*Exercise requirements*. Which lines run from the start of the data below to the line containing "Tuesday Chest And"? Set them down exactly, with none added.

*Stored data*.

§ §

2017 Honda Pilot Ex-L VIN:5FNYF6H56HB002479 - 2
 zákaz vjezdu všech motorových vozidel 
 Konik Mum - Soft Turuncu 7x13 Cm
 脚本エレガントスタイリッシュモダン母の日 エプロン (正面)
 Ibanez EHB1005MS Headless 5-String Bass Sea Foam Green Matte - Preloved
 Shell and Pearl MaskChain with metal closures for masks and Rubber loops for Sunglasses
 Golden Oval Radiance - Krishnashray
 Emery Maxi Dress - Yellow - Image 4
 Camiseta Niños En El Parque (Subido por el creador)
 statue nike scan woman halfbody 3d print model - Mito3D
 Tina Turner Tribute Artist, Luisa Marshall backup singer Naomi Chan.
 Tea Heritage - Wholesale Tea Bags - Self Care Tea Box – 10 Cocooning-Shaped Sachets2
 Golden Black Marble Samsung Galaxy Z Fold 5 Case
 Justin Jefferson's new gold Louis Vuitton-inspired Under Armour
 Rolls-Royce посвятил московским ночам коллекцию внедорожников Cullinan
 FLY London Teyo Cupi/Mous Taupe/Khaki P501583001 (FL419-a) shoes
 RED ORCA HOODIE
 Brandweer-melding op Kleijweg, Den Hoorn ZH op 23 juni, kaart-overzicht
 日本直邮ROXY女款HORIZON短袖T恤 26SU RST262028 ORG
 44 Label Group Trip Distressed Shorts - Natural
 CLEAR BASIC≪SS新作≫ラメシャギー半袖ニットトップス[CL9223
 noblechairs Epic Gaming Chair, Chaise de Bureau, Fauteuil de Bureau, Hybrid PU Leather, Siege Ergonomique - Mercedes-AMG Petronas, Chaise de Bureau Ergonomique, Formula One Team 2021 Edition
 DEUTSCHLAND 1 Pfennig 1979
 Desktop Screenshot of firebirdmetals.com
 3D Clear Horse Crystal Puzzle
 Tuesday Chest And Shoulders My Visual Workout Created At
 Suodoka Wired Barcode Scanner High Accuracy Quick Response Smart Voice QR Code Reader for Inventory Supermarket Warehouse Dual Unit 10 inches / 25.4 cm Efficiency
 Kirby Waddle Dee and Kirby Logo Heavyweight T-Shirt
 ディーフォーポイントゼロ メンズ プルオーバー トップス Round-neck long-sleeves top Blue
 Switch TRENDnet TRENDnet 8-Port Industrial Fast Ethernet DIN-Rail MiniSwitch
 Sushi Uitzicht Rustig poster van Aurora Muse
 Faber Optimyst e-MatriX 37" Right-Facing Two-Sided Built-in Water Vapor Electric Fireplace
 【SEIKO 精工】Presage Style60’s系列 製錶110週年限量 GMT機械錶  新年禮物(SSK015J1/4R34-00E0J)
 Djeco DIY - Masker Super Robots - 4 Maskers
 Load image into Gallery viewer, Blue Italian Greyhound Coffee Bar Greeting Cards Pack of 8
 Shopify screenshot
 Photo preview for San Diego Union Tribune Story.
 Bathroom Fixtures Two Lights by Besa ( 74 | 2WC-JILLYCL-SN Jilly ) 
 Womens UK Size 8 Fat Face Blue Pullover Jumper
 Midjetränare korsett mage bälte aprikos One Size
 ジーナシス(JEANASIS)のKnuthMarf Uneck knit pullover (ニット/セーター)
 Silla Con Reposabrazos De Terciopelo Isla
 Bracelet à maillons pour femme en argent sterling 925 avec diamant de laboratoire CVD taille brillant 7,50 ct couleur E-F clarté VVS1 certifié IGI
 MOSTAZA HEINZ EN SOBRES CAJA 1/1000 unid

§ §

*Response area*.
2017 Honda Pilot Ex-L VIN:5FNYF6H56HB002479 - 2
 zákaz vjezdu všech motorových vozidel 
 Konik Mum - Soft Turuncu 7x13 Cm
 脚本エレガントスタイリッシュモダン母の日 エプロン (正面)
 Ibanez EHB1005MS Headless 5-String Bass Sea Foam Green Matte - Preloved
 Shell and Pearl MaskChain with metal closures for masks and Rubber loops for Sunglasses
 Golden Oval Radiance - Krishnashray
 Emery Maxi Dress - Yellow - Image 4
 Camiseta Niños En El Parque (Subido por el creador)
 statue nike scan woman halfbody 3d print model - Mito3D
 Tina Turner Tribute Artist, Luisa Marshall backup singer Naomi Chan.
 Tea Heritage - Wholesale Tea Bags - Self Care Tea Box – 10 Cocooning-Shaped Sachets2
 Golden Black Marble Samsung Galaxy Z Fold 5 Case
 Justin Jefferson's new gold Louis Vuitton-inspired Under Armour
 Rolls-Royce посвятил московским ночам коллекцию внедорожников Cullinan
 FLY London Teyo Cupi/Mous Taupe/Khaki P501583001 (FL419-a) shoes
 RED ORCA HOODIE
 Brandweer-melding op Kleijweg, Den Hoorn ZH op 23 juni, kaart-overzicht
 日本直邮ROXY女款HORIZON短袖T恤 26SU RST262028 ORG
 44 Label Group Trip Distressed Shorts - Natural
 CLEAR BASIC≪SS新作≫ラメシャギー半袖ニットトップス[CL9223
 noblechairs Epic Gaming Chair, Chaise de Bureau, Fauteuil de Bureau, Hybrid PU Leather, Siege Ergonomique - Mercedes-AMG Petronas, Chaise de Bureau Ergonomique, Formula One Team 2021 Edition
 DEUTSCHLAND 1 Pfennig 1979
 Desktop Screenshot of firebirdmetals.com
 3D Clear Horse Crystal Puzzle
 Tuesday Chest And Shoulders My Visual Workout Created At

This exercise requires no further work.